VFEmail, a privacy-focused email service provider to businesses and individuals, has been hit with what the company called “catastrophic destruction” unleashed by an unknown hacker whose intent appears not to be robbery or spying but a takedown of the operation.
Late on Monday, February 11, the attacker had wiped out VFEmail’s infrastructure, including backups, email hosts, virtual machine hosts, the VMs themselves and a SQL server cluster, in a smash job that the company said effectively killed nearly 20 years of data. (Here's an incident log.)
While the slash and burn attack has some of the makings of an inside job, the hacker’s motives aren’t clear. “At this time, the attacker has formatted all the disks on every server,” VFEmail owner Rick Romero tweeted. “Every VM is lost. Every file server is lost, every backup server is lost.”
A similar post showed up on VFEmail’s website: “!!ALERT!!!! Update Feb 11 2019. www.vfemail.net and mail.vfemail.net are currently unavailable in their prior form. We have suffered catastrophic destruction at the hands of a hacker, last seen as [email protected]. This person has destroyed all data in the US, both primary and backup systems. We are working to recover what data we can.”

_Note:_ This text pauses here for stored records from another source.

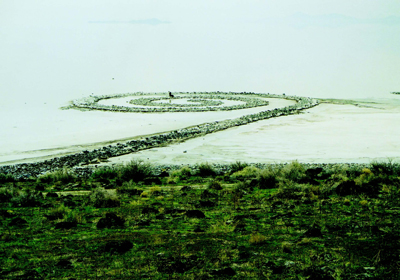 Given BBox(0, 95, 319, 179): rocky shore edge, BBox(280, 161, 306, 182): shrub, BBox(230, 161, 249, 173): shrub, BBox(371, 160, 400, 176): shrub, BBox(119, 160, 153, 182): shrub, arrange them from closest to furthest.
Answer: BBox(280, 161, 306, 182): shrub, BBox(371, 160, 400, 176): shrub, BBox(119, 160, 153, 182): shrub, BBox(230, 161, 249, 173): shrub, BBox(0, 95, 319, 179): rocky shore edge

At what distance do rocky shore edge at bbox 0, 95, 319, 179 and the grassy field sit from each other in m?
3.48

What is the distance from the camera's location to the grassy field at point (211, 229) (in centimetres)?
827

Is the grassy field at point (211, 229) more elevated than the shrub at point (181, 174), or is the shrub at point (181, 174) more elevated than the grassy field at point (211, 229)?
the grassy field at point (211, 229)

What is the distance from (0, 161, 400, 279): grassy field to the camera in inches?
326

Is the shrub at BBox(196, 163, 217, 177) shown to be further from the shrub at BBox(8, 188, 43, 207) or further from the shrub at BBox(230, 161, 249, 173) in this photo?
the shrub at BBox(8, 188, 43, 207)

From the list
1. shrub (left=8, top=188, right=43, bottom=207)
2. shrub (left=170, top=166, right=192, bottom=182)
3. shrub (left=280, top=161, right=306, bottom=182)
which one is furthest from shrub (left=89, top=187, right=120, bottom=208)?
shrub (left=280, top=161, right=306, bottom=182)

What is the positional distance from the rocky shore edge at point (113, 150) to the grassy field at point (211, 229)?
137 inches

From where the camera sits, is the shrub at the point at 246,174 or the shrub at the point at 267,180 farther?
the shrub at the point at 246,174

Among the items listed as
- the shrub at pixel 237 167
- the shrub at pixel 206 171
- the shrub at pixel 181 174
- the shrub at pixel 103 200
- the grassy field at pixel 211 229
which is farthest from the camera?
the shrub at pixel 237 167

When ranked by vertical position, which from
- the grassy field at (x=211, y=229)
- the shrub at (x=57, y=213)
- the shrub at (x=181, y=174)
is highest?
the shrub at (x=57, y=213)

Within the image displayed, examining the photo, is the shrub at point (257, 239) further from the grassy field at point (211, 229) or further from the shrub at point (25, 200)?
the shrub at point (25, 200)

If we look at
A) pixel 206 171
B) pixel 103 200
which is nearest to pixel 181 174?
pixel 206 171

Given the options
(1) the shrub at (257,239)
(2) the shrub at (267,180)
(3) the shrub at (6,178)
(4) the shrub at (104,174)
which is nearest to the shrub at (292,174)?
(2) the shrub at (267,180)

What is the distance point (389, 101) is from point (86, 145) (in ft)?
137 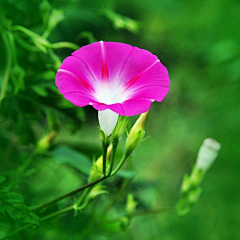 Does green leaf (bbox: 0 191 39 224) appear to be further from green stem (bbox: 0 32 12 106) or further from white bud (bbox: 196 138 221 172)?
white bud (bbox: 196 138 221 172)

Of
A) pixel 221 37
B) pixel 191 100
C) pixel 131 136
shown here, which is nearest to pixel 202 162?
pixel 131 136

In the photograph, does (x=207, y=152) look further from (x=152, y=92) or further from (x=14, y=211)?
(x=14, y=211)

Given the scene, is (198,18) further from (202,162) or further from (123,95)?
(123,95)

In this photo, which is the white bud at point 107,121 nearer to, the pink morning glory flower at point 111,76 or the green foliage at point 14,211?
the pink morning glory flower at point 111,76

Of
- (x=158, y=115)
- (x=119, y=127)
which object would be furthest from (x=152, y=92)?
(x=158, y=115)

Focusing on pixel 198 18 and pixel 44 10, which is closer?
pixel 44 10

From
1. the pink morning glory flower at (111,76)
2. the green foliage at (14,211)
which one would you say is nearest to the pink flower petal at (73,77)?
the pink morning glory flower at (111,76)

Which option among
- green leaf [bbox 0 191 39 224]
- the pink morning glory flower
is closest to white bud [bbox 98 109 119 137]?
the pink morning glory flower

Shortly afterwards, Romero tweeted that he had caught a hacker in the act of formatting one of the company’s mail servers in The Netherlands. “This is all I can do at this time. I will need to get into the datacenter to see if the one file server I caught during formatting can be recovered. If it can, we can restore mail, but most of the infrastructure is lost.”
The first indication that something was amiss appeared early on Monday when the company’s Twitter account began receiving messages from users that their email wasn’t going through. VFEmail responded that its systems in “multiple data centers are down.” In another tweet, Romero questioned whether the attacker had control of more than one password, which would suggest an insider was involved: "If they all had one password, sure, but they didn't. That's the scary part," he tweeted. “Strangely, not all VMs shared the same authentication, but all were destroyed. This was more than a multi-password via SSH exploit, and there was no ransom. Just attack and destroy.”
Why would hackers want to take down a small, anonymous email provider without an obvious motive? Might a nation-state attacker be involved? What data might have been on VFEmail’s servers that a bad actor might want to get their hands on or destroy? Might someone have a vendetta against the company or Romero?
“It looked like the IP was a Bulgarian hosting company,” Romero told KrebsonSecurity. “So I’m assuming it was just a virtual machine they were using to launch the attack from. There definitely was something that somebody didn’t want found. Or, I really pissed someone off. That’s always possible.”
Either way, Romero said the attack likely means the end for his company: “Yes, @VFEmail is effectively gone. It will likely not return. I never thought anyone would care about my labor of love so much that they’d want to completely and thoroughly destroy it.”
But maybe there are options still left to Romero. As of Wednesday, February 13, he posted that he’d engaged a “data recovery vendor to discuss options.” And, he left this note to users: "Consider your mailbox data to be lost, but we haven't given up yet."